SQL Server provides two functions that check a geometry object’s validity:

  • STIsValid() and
  • ValidDetailed()

Neither of these will detect duplicate vertices in a LineString or a Polygon ring:

with data as (
select 'LineString' as test, geometry::STGeomFromText('LINESTRING(0 0,1 1,1 1,2 2)',0) as geom
union all
select 'Polygon' as test, geometry::STGeomFromText('POLYGON((0 0,1 0,1 0,1 1,0 1,0 0))',0) as geom
)
select test, a.geom.STIsValid() as isValid, a.geom.IsValidDetailed() as isValidReason
  from data as a

test       isValid isValidReason
LineString 1       24400: Valid
Polygon    1       24400: Valid

Note: In Oracle SDO_GEOMETRY LineStrings and Polygons with duplicate vertices are reported as being in error with PostGIS reports duplicate vertices as valid.

Removing Duplicate Vertices

Even though SQL Server Spatial cannot detect duplicate vertices there are many use cases out there that require duplicate vertices to be removed.

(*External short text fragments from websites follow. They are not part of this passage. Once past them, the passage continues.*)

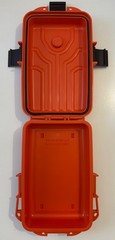 New Survivor Dry Box MTM Case-Gard Small S107235 Water Resistant Storage Compass
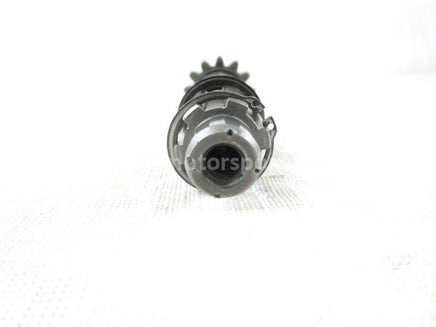 A used Main Axle Shaft from a 2001 YZ125 Yamaha OEM Part # 4XM-17411-00-00 for sale. Yamaha dirt bike parts… Shop our online catalog… Alberta Canada!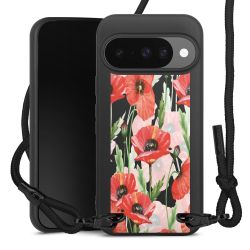 Carry Case Black Line Fabric black/matt black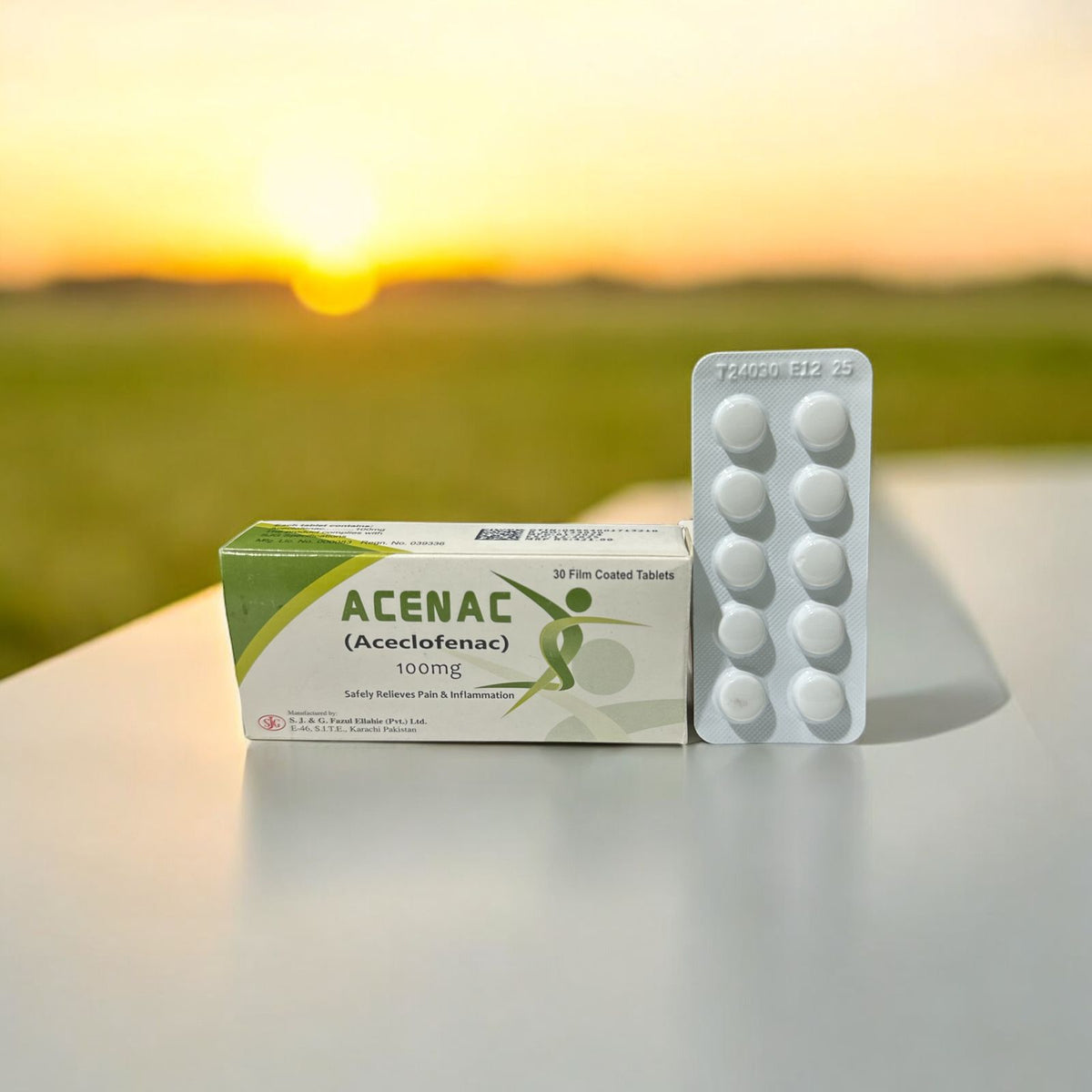 Acenac Tablets 100Mg  (1 Strip = 10 Tablets)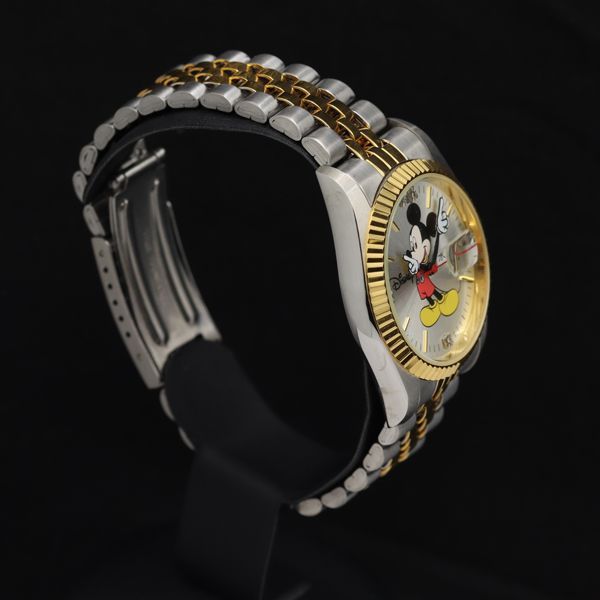 ミッキーマウス 腕時計 TIMEX / World's First Electric Mickey Watch | UTDESIGN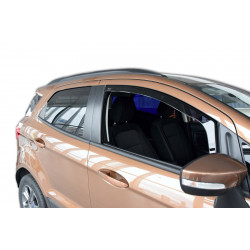 Deflectoare geamuri FORD ECOSPORT II 5D 2013-up 2 bucăți (față)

One is the conversion of GPS observations in to linestrings.

This article introduces two functions which will remove duplicate vertices:

  • STRemoveDuplicatePoints() – Removes duplicate vertices where their ordinates are equal at some statement of precision.
  • STRemoveDuplicatePointsByDistance() – Removes duplicate vertices where they are equal within a supplied distance.

Here are the two functions with examples.

STRemoveDuplicatePoints

Function [dbo].[STRemoveDuplicatePoints] (
  @p_geometry geometry,
  @p_round_xy int = 8,
  @p_round_z  int = 2,
  @p_round_m  int = 2
)
 Returns geometry

Description

This function removes any duplicate vertices in the supplied (and supported) geometry.

Two adjacent points are equal if their ordinates, at the distance decimal digits of precision, are equal.

If geometry has Z or M ordinates these are used in any distance comparison.

If a LineString reduces to a single Point a Point is returned.

If a MultiLineString element reduces to a single point the element is removed. If all elements are removed MULTILINESTRING EMPTY is returned.

If a Polygon or MultiPolygon element (ring) reduces to < 4 points the element is removed. If all elements (rings) are removed POLYGON EMPTY or MULTIPOLYGON EMPTY is returned.

Examples

select [dbo].[STRemoveDuplicatePoints](geometry::STGeomFromText('POINT(0 0)',0),3,1,1).AsTextZM() as geom;
GO

geom
POINT (0 0)

select [dbo].[STRemoveDuplicatePoints](geometry::STGeomFromText('GEOMETRYCOLLECTION(POINT(0 0),POINT(1 1),LINESTRING(0 0,10 10))',0),1,1,1).AsTextZM() as geom;
GO

geom
GEOMETRYCOLLECTION (POINT (0 0), POINT (1 1), LINESTRING (0 0, 10 10))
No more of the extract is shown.